- THE PROBLEM
Give the listing again, word for word, and let no picture into it.

- RECORDS SUPPLIED

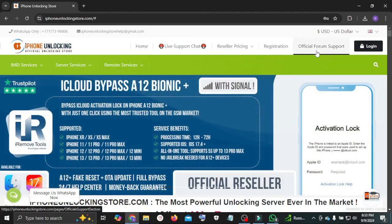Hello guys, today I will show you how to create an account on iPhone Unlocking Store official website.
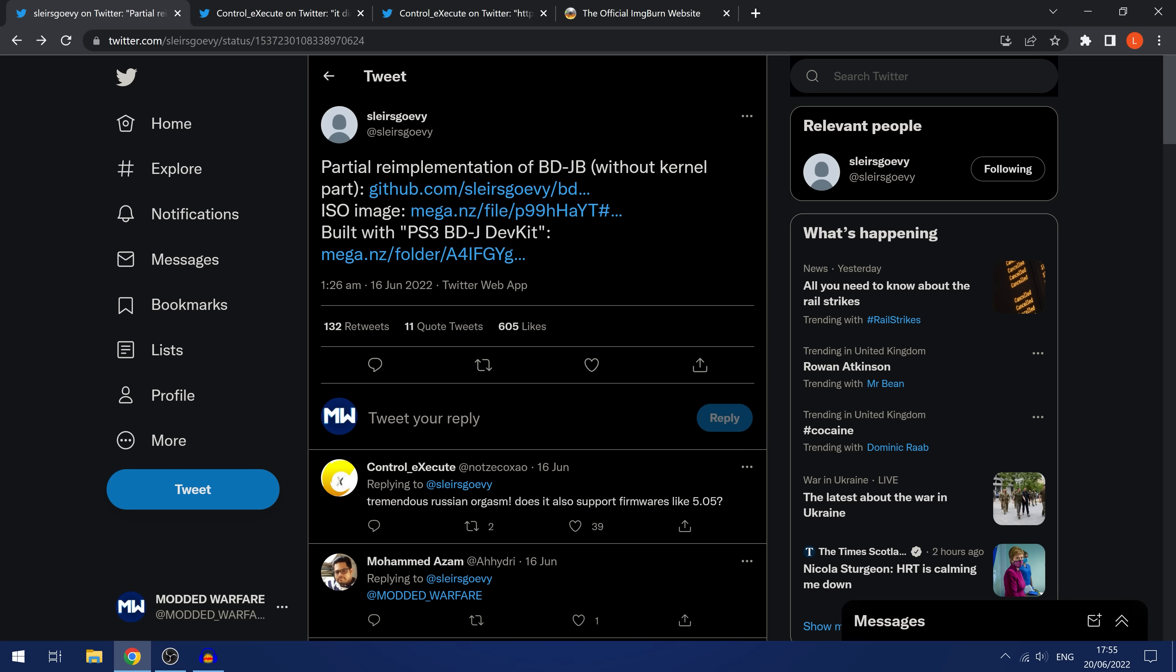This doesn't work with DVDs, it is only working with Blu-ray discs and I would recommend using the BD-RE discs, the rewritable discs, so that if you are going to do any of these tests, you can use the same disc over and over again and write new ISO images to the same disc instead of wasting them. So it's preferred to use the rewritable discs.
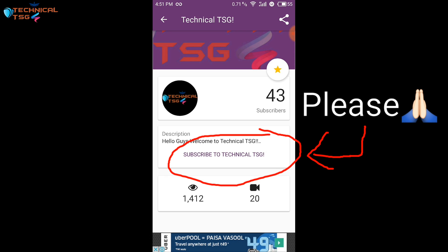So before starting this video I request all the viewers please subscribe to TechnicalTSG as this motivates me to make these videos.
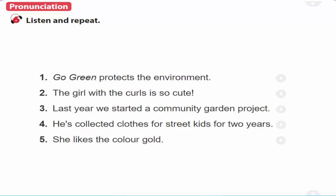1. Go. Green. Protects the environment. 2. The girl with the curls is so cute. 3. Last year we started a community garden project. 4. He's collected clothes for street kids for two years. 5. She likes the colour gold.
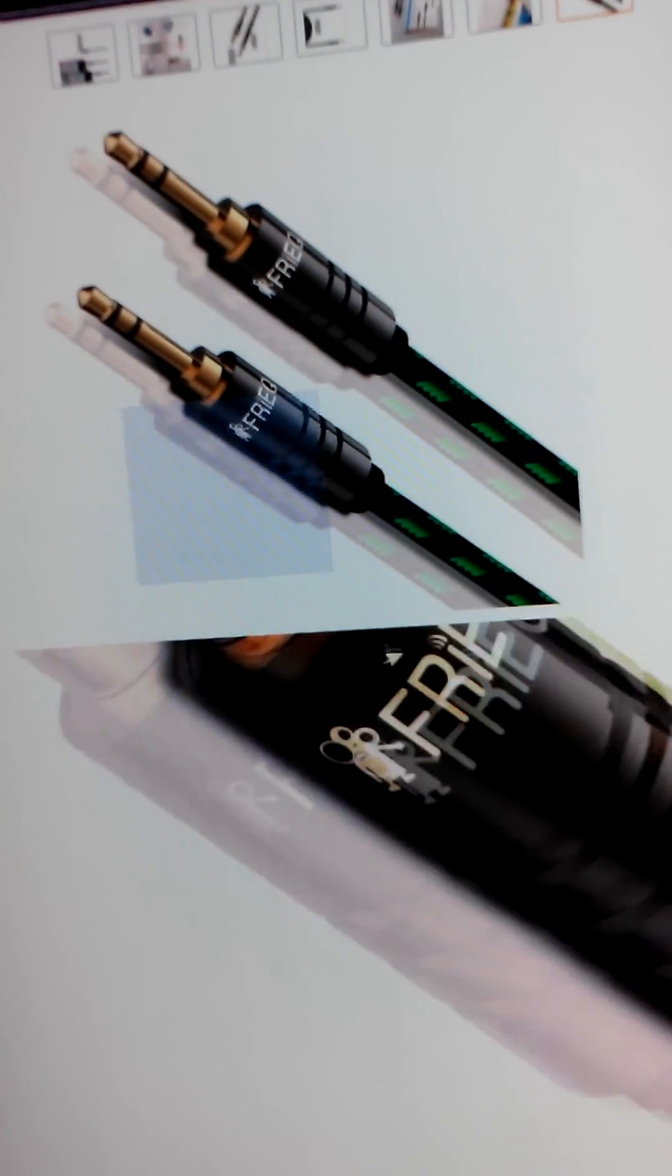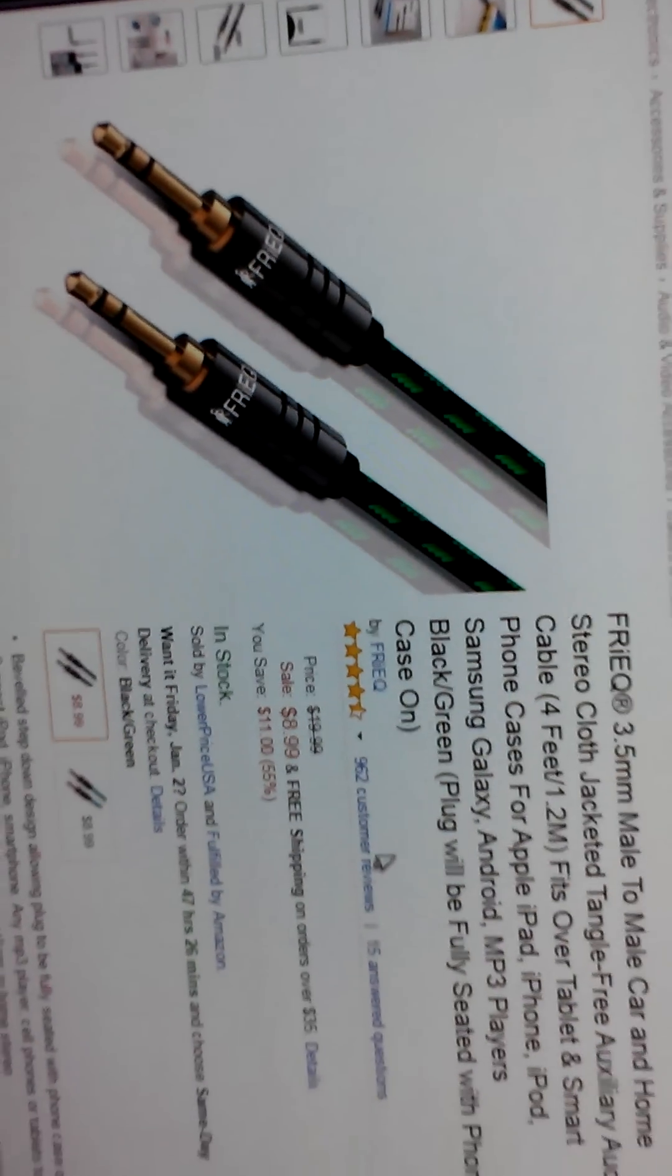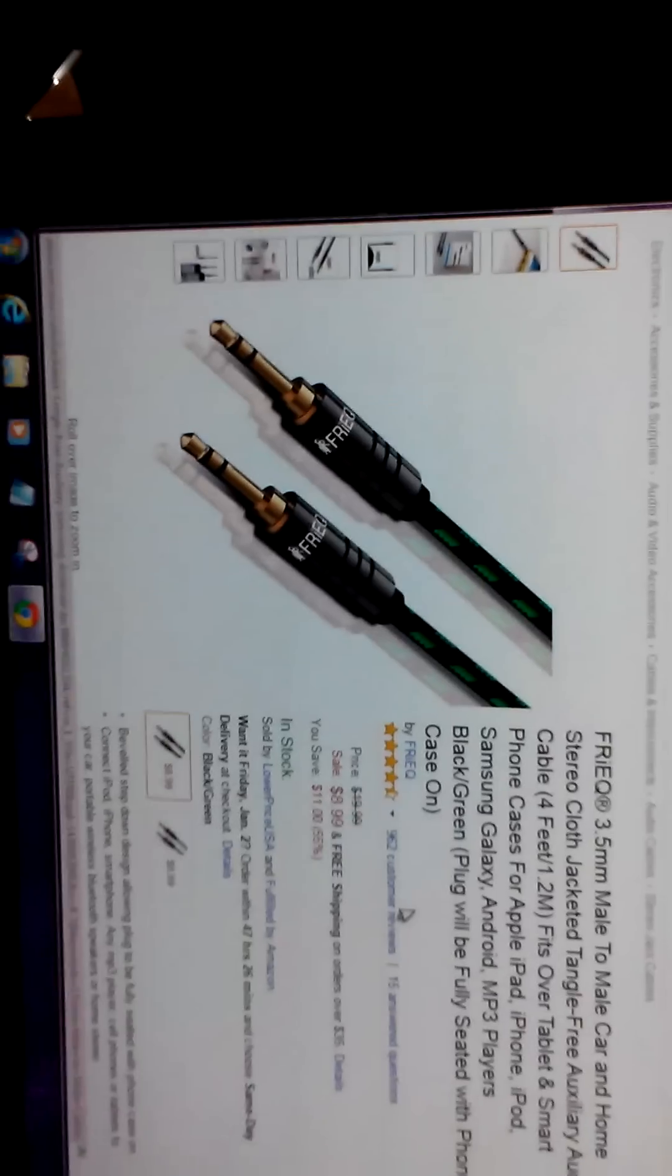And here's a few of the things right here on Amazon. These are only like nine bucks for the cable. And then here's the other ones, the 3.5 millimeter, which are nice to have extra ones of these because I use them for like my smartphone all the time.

- REPLY
Hello guys, today I will show you how to create an account on iPhone Unlocking Store official website.
This doesn't work with DVDs, it is only working with Blu-ray discs and I would recommend using the BD-RE discs, the rewritable discs, so that if you are going to do any of these tests, you can use the same disc over and over again and write new ISO images to the same disc instead of wasting them. So it's preferred to use the rewritable discs.
So before starting this video I request all the viewers please subscribe to TechnicalTSG as this motivates me to make these videos.
1. Go. Green. Protects the environment. 2. The girl with the curls is so cute. 3. Last year we started a community garden project. 4. He's collected clothes for street kids for two years. 5. She likes the colour gold.
And here's a few of the things right here on Amazon. These are only like nine bucks for the cable. And then here's the other ones, the 3.5 millimeter, which are nice to have extra ones of these because I use them for like my smartphone all the time.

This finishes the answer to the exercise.